#### Workflow
1. Initialize Workspace & creat workspace handle
2. Initialize
    - compute Cluster 
    - Environment
3. Create a .py scripts Data Processing & Training Model
4. Create Components
5. Build Pipeline using Components
6. Get Data Path
7. Initiate Pipeline

##### Step 1: Initialize Workspace and Create Workspace handle

In [None]:
from azureml.core import Workspace
from azure.ai.ml import MLClient
from azure.identity import DefaultAzureCredential

# Initialize  workspace
ws = Workspace.from_config()  

# Get a handle to the workspace
credential = DefaultAzureCredential()  # authenticate
ml_client = MLClient( credential=credential,
                      subscription_id=ws.subscription_id,
                      resource_group_name=ws.resource_group,
                      workspace_name=ws.name,
                    )


##### Step 2: Initialize Compute Cluster & Environment

In [None]:
from azure.ai.ml.entities import AmlCompute

# Name assigned to the compute cluster
compute = "ML-Pipeline-Cluster"

try:
    cpu_cluster = ml_client.compute.get(compute)
    print(f"You already have a cluster named {compute}, we'll reuse it as is.")

except Exception:
    print("Creating a new cpu compute target...")
    cpu_cluster = AmlCompute(
        name=compute,
        type="amlcompute",
        size="STANDARD_DS3_V2",
        min_instances=0,
        max_instances=4,
        idle_time_before_scale_down=300,
        tier="Dedicated",
    )
    
    print(f"AMLCompute with name {cpu_cluster.name} will be created, with compute size {cpu_cluster.size}")
    # Now, we pass the object to MLClient's create_or_update method
    cpu_cluster = ml_client.compute.begin_create_or_update(cpu_cluster)

##### Environment

In [None]:
import os
from azure.ai.ml.entities import Environment

custom_env_name  = "ENV-SDKv2"
# dependencies_dir = '../dependencies'
# env = Environment( name=custom_env_name,
#                    description="Evironment for python SDKv2 Execution",
#                    conda_file=os.path.join(dependencies_dir, "conda.yaml"),
#                    image="mcr.microsoft.com/azureml/openmpi4.1.0-ubuntu20.04:latest",
#                  )
# env = ml_client.environments.create_or_update(env)

# GET ENVIRONMENT
# use 'label' parameter to get latest environment for example label='latest'
# use 'version' parameter to get specific version environment, for example version=2
env = ml_client.environments.get(name=custom_env_name, label='latest') 

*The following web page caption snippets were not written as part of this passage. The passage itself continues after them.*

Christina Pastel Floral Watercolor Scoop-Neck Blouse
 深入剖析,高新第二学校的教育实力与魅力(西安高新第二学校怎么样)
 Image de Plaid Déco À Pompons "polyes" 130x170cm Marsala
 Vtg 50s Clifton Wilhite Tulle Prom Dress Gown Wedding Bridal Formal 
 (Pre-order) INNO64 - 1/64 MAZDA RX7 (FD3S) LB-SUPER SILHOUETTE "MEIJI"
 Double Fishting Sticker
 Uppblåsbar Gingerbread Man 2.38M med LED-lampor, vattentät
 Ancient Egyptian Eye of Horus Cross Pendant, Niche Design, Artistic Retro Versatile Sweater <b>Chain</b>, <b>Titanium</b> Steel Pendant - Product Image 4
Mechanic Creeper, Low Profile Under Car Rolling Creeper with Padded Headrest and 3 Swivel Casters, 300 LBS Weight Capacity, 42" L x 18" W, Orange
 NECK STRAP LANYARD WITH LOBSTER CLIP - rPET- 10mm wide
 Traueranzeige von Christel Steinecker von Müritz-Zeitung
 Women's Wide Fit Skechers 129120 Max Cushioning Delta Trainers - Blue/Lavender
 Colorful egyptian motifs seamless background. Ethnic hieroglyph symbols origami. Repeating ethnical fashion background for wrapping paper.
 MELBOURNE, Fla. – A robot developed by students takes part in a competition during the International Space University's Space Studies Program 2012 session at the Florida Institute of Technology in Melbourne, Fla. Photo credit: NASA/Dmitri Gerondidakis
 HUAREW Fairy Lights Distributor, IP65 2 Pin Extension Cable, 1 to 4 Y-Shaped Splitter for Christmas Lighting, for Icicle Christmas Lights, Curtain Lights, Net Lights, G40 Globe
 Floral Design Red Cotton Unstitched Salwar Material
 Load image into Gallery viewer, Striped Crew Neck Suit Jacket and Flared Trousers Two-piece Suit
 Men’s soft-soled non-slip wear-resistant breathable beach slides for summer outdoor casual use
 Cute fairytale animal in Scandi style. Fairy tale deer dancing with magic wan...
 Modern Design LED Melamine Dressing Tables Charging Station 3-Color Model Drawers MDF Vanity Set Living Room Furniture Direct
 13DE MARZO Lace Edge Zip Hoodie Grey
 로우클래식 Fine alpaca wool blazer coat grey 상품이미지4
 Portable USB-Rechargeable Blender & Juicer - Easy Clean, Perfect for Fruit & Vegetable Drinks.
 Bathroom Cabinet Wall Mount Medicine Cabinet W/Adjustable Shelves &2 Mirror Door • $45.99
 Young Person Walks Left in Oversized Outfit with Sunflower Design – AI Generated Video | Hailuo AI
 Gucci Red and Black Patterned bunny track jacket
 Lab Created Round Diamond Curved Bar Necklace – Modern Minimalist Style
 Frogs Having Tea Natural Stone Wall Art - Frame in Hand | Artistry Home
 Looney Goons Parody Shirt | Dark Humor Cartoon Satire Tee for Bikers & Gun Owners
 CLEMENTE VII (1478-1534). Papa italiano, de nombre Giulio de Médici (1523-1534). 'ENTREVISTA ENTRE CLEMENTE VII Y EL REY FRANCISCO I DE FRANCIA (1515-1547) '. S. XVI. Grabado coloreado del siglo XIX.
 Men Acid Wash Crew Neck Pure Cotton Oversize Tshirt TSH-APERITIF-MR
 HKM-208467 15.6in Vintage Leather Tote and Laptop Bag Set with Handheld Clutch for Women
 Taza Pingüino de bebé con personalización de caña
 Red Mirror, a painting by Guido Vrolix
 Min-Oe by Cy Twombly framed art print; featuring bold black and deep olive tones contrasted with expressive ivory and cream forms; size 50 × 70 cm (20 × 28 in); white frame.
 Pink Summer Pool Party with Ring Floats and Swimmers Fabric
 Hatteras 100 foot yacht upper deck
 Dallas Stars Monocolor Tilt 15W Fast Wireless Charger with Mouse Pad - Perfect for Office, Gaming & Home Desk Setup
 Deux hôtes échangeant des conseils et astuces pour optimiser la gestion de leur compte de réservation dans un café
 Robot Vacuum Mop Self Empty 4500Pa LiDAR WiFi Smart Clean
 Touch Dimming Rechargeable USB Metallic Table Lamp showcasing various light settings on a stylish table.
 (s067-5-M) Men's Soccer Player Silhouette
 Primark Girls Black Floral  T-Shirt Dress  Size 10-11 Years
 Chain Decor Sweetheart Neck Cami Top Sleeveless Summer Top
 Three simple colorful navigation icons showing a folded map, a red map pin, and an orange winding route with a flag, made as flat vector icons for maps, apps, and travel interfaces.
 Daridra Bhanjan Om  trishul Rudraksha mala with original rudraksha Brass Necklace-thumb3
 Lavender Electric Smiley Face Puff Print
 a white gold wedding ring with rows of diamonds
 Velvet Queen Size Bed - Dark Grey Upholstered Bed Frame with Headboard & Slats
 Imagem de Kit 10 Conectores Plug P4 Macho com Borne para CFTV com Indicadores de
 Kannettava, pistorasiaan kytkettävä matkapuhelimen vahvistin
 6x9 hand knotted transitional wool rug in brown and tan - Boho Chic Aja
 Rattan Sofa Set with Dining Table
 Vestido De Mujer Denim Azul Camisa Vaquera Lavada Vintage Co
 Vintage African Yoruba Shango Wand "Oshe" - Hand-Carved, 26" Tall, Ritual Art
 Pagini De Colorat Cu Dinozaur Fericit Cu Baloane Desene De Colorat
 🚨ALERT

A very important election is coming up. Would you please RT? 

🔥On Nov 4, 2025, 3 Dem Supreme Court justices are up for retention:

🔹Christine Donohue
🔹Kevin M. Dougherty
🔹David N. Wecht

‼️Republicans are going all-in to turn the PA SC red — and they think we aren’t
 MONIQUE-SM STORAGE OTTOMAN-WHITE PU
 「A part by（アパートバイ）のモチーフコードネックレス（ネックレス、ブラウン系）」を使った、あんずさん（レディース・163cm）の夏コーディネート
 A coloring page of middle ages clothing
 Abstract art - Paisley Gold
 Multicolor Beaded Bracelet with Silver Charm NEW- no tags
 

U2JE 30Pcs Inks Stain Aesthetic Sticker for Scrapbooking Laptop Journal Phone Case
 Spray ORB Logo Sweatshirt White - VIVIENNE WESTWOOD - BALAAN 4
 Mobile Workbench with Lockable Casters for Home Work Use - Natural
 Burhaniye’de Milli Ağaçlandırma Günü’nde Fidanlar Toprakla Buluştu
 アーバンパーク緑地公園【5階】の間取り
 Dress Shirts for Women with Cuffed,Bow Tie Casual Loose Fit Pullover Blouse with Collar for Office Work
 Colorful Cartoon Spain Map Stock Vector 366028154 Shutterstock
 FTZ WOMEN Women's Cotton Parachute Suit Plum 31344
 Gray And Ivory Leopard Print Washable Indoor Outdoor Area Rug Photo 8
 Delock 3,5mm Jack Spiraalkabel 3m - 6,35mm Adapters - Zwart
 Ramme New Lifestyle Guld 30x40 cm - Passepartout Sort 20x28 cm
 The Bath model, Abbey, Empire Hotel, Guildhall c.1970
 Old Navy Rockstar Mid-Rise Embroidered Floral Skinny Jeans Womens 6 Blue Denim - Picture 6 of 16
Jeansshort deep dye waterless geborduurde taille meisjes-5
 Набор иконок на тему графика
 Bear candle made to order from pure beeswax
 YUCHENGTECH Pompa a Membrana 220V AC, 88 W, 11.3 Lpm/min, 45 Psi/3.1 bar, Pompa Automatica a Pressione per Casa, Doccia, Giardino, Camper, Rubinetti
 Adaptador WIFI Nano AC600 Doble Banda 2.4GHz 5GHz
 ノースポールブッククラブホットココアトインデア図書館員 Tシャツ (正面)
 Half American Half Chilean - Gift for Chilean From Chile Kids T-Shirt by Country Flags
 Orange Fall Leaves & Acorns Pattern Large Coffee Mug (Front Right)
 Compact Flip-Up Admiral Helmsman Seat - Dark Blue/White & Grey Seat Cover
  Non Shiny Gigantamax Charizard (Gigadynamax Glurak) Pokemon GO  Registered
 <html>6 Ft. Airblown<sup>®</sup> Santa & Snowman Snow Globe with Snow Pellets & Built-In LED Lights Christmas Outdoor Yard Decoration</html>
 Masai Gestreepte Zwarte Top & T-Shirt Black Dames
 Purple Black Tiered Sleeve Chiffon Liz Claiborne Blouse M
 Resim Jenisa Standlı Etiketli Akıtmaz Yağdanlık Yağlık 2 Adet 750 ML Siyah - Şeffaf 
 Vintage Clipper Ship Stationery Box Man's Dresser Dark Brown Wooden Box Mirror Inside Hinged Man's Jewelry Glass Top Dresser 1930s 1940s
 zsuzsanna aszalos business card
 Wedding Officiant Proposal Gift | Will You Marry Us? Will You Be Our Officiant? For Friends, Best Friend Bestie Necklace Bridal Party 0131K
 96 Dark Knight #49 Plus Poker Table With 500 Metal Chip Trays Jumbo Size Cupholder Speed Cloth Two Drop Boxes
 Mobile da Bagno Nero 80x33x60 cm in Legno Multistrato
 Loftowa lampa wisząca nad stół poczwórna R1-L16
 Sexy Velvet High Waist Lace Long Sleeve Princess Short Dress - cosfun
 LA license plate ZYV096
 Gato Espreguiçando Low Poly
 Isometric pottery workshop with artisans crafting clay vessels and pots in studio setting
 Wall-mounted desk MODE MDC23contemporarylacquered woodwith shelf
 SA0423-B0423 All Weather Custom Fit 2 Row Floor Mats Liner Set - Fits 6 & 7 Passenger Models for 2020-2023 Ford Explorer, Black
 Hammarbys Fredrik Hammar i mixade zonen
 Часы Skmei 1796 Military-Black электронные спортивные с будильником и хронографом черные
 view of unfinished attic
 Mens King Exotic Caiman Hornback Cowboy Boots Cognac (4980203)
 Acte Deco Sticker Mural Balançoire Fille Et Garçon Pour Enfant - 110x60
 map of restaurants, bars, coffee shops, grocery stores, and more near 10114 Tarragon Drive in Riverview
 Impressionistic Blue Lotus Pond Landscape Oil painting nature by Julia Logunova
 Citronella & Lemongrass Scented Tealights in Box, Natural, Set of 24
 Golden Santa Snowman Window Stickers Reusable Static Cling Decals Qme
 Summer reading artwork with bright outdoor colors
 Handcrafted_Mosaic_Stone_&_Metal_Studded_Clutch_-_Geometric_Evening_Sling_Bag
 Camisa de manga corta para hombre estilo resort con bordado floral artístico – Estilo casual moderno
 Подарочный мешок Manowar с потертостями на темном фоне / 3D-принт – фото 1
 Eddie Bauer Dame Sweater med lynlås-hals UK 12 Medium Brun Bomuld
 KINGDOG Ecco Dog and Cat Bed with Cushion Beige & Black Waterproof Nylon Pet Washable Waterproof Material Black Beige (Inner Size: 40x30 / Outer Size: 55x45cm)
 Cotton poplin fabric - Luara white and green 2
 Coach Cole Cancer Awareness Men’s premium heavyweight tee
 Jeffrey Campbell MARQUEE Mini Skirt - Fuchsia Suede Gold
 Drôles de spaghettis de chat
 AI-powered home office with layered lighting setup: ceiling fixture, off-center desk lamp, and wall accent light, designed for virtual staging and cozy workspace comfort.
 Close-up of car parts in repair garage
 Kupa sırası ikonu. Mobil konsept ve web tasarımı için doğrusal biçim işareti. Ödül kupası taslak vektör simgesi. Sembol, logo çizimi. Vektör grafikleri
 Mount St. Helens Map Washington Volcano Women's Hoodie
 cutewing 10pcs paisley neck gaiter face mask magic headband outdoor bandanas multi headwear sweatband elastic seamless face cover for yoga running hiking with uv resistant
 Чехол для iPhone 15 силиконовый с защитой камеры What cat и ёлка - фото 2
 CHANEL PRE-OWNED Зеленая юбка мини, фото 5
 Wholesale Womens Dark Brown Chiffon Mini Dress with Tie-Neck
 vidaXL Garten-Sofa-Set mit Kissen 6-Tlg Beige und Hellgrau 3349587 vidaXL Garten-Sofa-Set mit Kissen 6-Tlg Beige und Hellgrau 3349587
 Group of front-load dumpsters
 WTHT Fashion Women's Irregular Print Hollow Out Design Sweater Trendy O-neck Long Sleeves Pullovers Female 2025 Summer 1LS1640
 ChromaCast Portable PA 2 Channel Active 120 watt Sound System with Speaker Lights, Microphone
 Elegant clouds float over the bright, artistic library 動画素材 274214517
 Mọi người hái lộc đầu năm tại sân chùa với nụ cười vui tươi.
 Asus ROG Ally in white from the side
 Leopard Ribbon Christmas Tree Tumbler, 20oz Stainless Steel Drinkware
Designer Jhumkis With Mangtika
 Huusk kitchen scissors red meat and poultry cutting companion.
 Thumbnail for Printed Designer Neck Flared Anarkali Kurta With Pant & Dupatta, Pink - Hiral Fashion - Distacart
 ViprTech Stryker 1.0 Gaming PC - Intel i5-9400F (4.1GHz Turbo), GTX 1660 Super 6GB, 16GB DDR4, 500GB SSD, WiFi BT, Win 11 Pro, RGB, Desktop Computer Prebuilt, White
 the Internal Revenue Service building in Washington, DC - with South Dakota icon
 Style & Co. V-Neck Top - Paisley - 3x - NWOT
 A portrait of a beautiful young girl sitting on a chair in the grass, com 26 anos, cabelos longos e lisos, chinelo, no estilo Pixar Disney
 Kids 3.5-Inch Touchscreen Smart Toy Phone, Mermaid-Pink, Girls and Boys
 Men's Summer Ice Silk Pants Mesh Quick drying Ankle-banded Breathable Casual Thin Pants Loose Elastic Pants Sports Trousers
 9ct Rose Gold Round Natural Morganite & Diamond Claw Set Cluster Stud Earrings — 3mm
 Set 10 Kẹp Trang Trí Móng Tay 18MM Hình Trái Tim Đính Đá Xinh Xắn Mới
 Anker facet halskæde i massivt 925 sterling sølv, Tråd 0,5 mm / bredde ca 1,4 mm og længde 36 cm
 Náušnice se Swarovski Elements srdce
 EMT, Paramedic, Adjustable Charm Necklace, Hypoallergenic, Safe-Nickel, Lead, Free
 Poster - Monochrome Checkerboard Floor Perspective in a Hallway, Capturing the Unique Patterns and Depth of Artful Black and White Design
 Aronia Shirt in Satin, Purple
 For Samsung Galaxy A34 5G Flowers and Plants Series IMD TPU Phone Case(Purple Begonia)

print(f"Environment with name {env.name} is registered to workspace, the environment version is {env.version}")

##### Step 3: Create Components to Build Pipeline

Now that you have all assets required to run your pipeline, it's time to build the pipeline itself.

Azure Machine Learning pipelines are reusable ML workflows that usually consist of several components. The typical life of a component is:

- Write the yaml specification of the component, or create it programmatically using `ComponentMethod`.
- Optionally, register the component with a name and version in your workspace, to make it reusable and shareable.
- Load that component from the pipeline code.
- Implement the pipeline using the component's inputs, outputs and parameters.
- Submit the pipeline.

There are two ways to create a component, programmatic and yaml definition. The next two sections walk you through creating a component using programmatic definition

> [!NOTE]
> In this tutorial for simplicity we are using the same compute for all components. However, you can set different computes for each component, for example by adding a line like `train_step.compute = "cpu-cluster"`. To view an example of building a pipeline with different computes for each component, see the [Basic pipeline job section in the cifar-10 pipeline tutorial](https://github.com/Azure/azureml-examples/blob/main/sdk/python/jobs/pipelines/2b_train_cifar_10_with_pytorch/train_cifar_10_with_pytorch.ipynb).

In [None]:
from azure.ai.ml import command
from azure.ai.ml import Input, Output

scripts_dir = "../src"
data_prep_component = command( name="data prep pima diabetes detection",
                               display_name ="Data preparation for inference",
                               description  ="reads input data & preprocesses it",
                               inputs= { "data": Input(type="uri_folder")},

                               outputs=dict( processed_data=Output(type="uri_folder", mode="rw_mount")),
                               code=scripts_dir, # The source folder of the component
                               command="""python pima_inference_dataProcessing_SDKv2.py \
                                        --data ${{inputs.data}} \
                                        --processed_data ${{outputs.processed_data}} \
                                        """,
                               environment=f"{env.name}:{env.version}",
                            )

train_component = command( name="pima diabetes model inference",
                            display_name ="Model inference",
                            inputs= { "processed_data": Input(type="uri_folder"),
                                      "registered_model_name":Input(type='string'),
                                    },
                            outputs=dict(model=Output(type="uri_folder", mode="rw_mount")),
                            code=scripts_dir,
                            command="""python pima_model_inference_SDKv2.py \
                                    --input_data ${{inputs.processed_data}} \
                                    --registered_model_name ${{inputs.registered_model_name}} \
                                    --model ${{outputs.model}} \
                                    """,
                            environment=f"{env.name}:{env.version}",
                            )